● **What you have to do**
A faithful, complete transcription of the listing is required.

================

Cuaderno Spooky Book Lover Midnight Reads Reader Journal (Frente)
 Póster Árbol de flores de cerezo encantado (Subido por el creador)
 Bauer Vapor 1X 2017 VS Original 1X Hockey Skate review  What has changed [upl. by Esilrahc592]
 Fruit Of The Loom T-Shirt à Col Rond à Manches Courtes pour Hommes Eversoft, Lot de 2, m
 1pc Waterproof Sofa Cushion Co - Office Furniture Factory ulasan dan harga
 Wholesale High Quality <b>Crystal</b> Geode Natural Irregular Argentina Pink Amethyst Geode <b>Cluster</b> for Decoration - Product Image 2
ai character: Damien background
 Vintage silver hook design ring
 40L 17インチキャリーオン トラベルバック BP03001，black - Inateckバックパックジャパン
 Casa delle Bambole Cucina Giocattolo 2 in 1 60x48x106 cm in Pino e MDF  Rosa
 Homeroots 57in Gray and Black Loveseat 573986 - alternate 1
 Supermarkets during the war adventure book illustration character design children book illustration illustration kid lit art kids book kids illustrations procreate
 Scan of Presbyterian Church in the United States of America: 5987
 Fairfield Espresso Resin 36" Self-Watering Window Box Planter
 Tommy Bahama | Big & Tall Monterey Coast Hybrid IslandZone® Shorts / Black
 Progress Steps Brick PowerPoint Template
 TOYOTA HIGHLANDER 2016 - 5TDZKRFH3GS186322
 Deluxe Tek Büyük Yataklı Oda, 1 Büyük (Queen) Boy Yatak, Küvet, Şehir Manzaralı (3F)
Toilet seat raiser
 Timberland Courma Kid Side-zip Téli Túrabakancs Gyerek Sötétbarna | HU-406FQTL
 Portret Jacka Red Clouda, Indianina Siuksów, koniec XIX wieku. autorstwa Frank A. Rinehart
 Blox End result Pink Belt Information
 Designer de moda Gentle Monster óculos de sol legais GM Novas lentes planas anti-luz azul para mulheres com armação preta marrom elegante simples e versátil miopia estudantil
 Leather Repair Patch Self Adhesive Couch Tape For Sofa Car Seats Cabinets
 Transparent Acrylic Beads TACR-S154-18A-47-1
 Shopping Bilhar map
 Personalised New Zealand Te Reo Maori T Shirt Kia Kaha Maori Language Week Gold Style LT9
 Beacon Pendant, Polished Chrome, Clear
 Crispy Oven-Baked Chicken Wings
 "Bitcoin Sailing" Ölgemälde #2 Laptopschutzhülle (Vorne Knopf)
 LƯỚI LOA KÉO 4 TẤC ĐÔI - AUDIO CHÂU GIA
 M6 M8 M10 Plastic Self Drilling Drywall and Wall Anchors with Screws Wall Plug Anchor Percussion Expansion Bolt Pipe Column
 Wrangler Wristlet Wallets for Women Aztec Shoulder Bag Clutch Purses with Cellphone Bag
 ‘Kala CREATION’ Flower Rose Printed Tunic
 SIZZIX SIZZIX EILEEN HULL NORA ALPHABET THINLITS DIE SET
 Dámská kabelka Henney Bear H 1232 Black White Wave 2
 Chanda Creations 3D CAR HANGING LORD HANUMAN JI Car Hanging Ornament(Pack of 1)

================

● **Exercise answer**
Cuaderno Spooky Book Lover Midnight Reads Reader Journal (Frente)
 Póster Árbol de flores de cerezo encantado (Subido por el creador)
 Bauer Vapor 1X 2017 VS Original 1X Hockey Skate review  What has changed [upl. by Esilrahc592]
 Fruit Of The Loom T-Shirt à Col Rond à Manches Courtes pour Hommes Eversoft, Lot de 2, m
 1pc Waterproof Sofa Cushion Co - Office Furniture Factory ulasan dan harga
 Wholesale High Quality <b>Crystal</b> Geode Natural Irregular Argentina Pink Amethyst Geode <b>Cluster</b> for Decoration - Product Image 2
ai character: Damien background
 Vintage silver hook design ring
 40L 17インチキャリーオン トラベルバック BP03001，black - Inateckバックパックジャパン
 Casa delle Bambole Cucina Giocattolo 2 in 1 60x48x106 cm in Pino e MDF  Rosa
 Homeroots 57in Gray and Black Loveseat 573986 - alternate 1
 Supermarkets during the war adventure book illustration character design children book illustration illustration kid lit art kids book kids illustrations procreate
 Scan of Presbyterian Church in the United States of America: 5987
 Fairfield Espresso Resin 36" Self-Watering Window Box Planter
 Tommy Bahama | Big & Tall Monterey Coast Hybrid IslandZone® Shorts / Black
 Progress Steps Brick PowerPoint Template
 TOYOTA HIGHLANDER 2016 - 5TDZKRFH3GS186322
 Deluxe Tek Büyük Yataklı Oda, 1 Büyük (Queen) Boy Yatak, Küvet, Şehir Manzaralı (3F)
Toilet seat raiser
 Timberland Courma Kid Side-zip Téli Túrabakancs Gyerek Sötétbarna | HU-406FQTL
 Portret Jacka Red Clouda, Indianina Siuksów, koniec XIX wieku. autorstwa Frank A. Rinehart
 Blox End result Pink Belt Information
 Designer de moda Gentle Monster óculos de sol legais GM Novas lentes planas anti-luz azul para mulheres com armação preta marrom elegante simples e versátil miopia estudantil
 Leather Repair Patch Self Adhesive Couch Tape For Sofa Car Seats Cabinets
 Transparent Acrylic Beads TACR-S154-18A-47-1
 Shopping Bilhar map
 Personalised New Zealand Te Reo Maori T Shirt Kia Kaha Maori Language Week Gold Style LT9
 Beacon Pendant, Polished Chrome, Clear
 Crispy Oven-Baked Chicken Wings
 "Bitcoin Sailing" Ölgemälde #2 Laptopschutzhülle (Vorne Knopf)
 LƯỚI LOA KÉO 4 TẤC ĐÔI - AUDIO CHÂU GIA
 M6 M8 M10 Plastic Self Drilling Drywall and Wall Anchors with Screws Wall Plug Anchor Percussion Expansion Bolt Pipe Column
 Wrangler Wristlet Wallets for Women Aztec Shoulder Bag Clutch Purses with Cellphone Bag
 ‘Kala CREATION’ Flower Rose Printed Tunic
 SIZZIX SIZZIX EILEEN HULL NORA ALPHABET THINLITS DIE SET
 Dámská kabelka Henney Bear H 1232 Black White Wave 2
 Chanda Creations 3D CAR HANGING LORD HANUMAN JI Car Hanging Ornament(Pack of 1)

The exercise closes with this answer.